YOUR ASSIGNMENT:
The part below that opens with the line containing "Earned It Rn Degree Square Paper Coaster" and closes with the line containing "Girls Kids Cargo" should be copied exactly, minus any pictures.

EXERCISE DATA:
━━━━

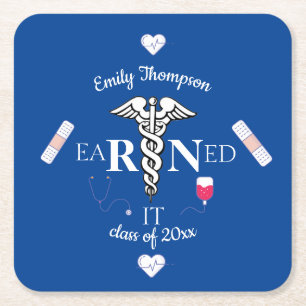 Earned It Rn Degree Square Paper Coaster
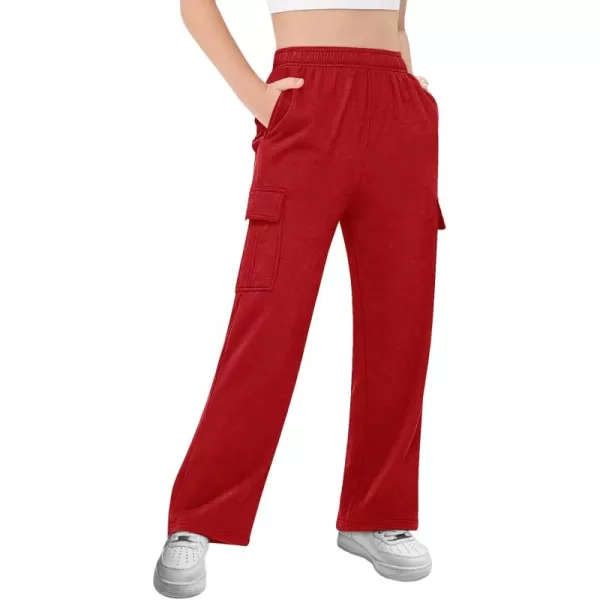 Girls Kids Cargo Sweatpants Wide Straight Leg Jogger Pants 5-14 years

━━━━

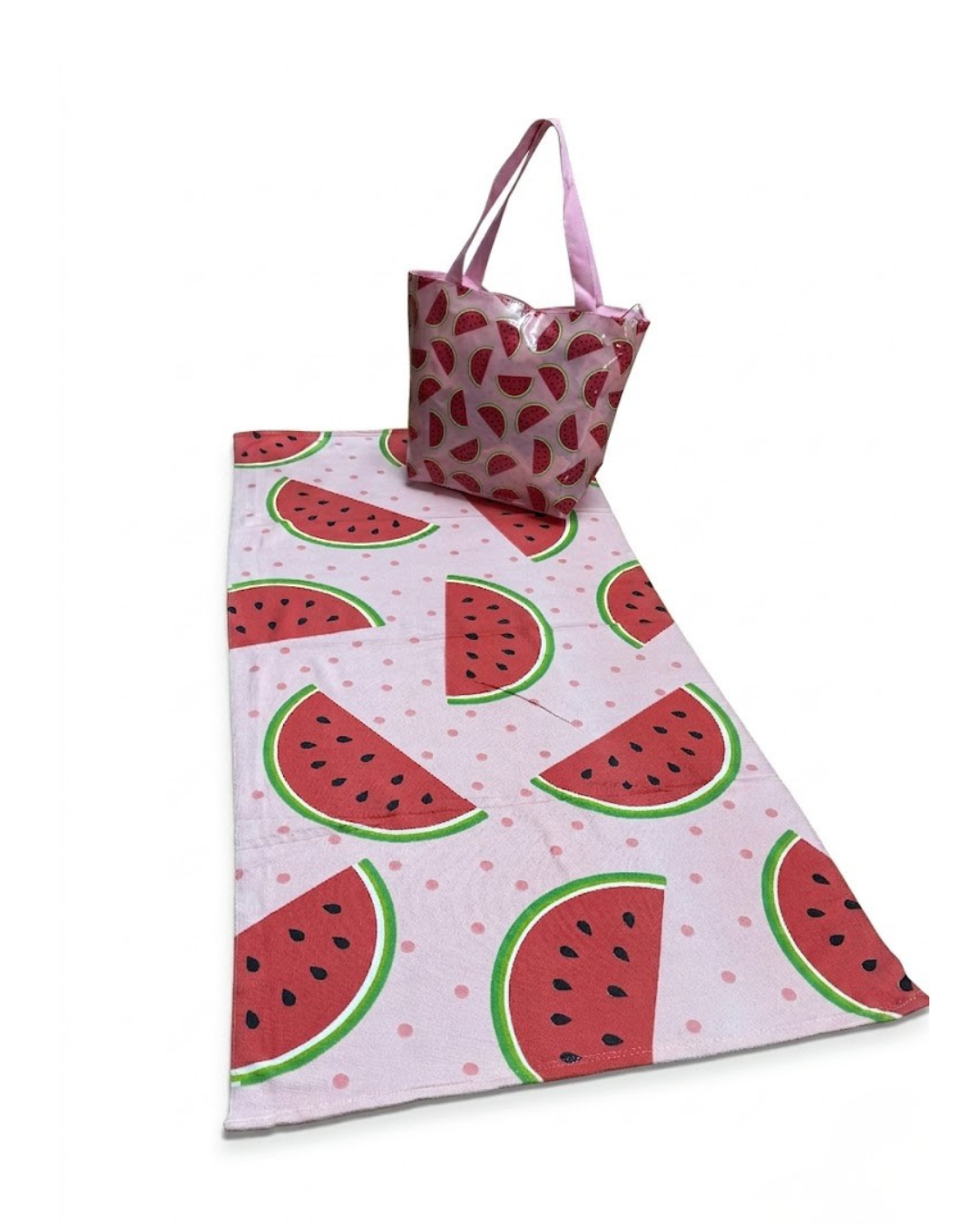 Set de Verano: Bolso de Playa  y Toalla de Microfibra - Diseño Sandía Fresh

━━━━

EXERCISE SOLUTION:
 Earned It Rn Degree Square Paper Coaster
 Girls Kids Cargo Sweatpants Wide Straight Leg Jogger Pants 5-14 years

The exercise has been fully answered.